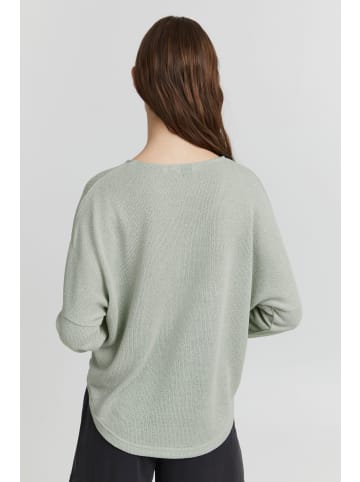 Oxmo V-Ausschnitt-Pullover OXKatla in Grau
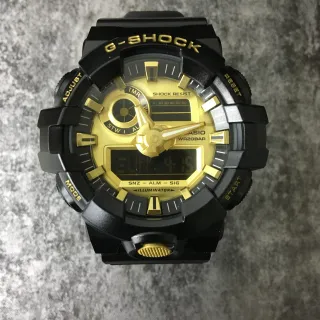 Casio G-Shock GA-100 Black and Gold Sports Watch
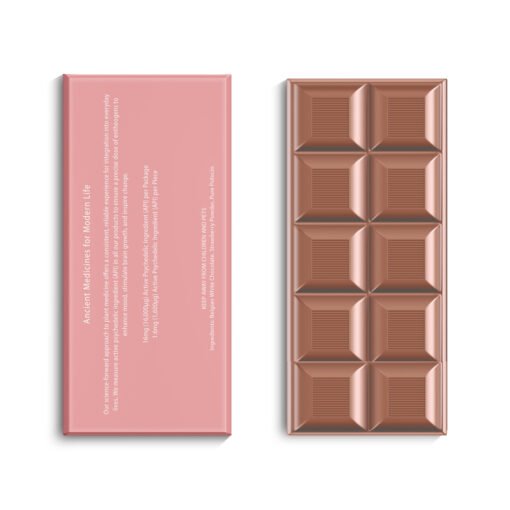 Strawberries & Cream Chocolate Bar | 4 Grams - Image 2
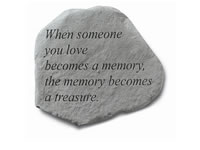 Garden Stone - When someone you love becomes...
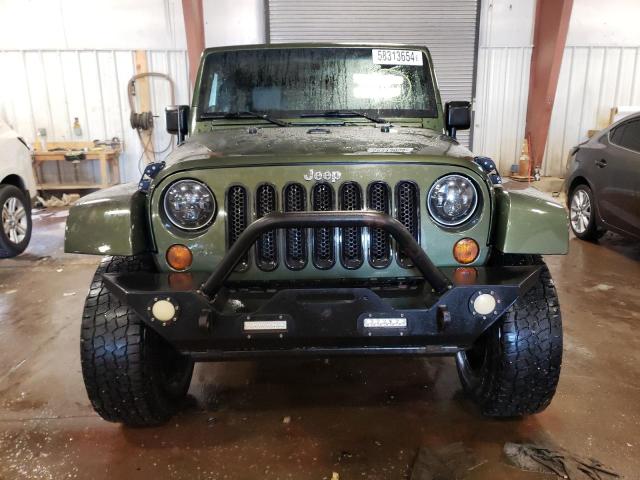 1J4GA59117L141263 - 2007 JEEP WRANGLER SAHARA GREEN photo 5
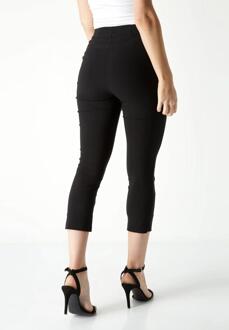 Crop-stretchbroek voor dames in zwart - EU 50 Normaal / UK 22 Normaal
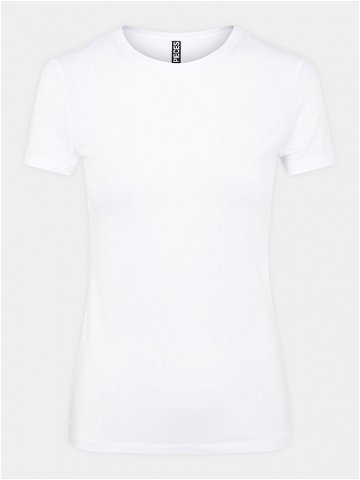 Pieces T-Shirt Irene 17082526 Bílá Slim Fit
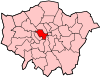 Location of the City of Westminster in Greater London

[Task instructions]: With the pictures omitted, write out exactly the lines from the one that contains "Crop-stretchbroek voor dames" through the final line of the material above, both ends included.

[Reply]:
 Crop-stretchbroek voor dames in zwart - EU 50 Normaal / UK 22 Normaal
 Pieces T-Shirt Irene 17082526 Bílá Slim Fit
 Location of the City of Westminster in Greater London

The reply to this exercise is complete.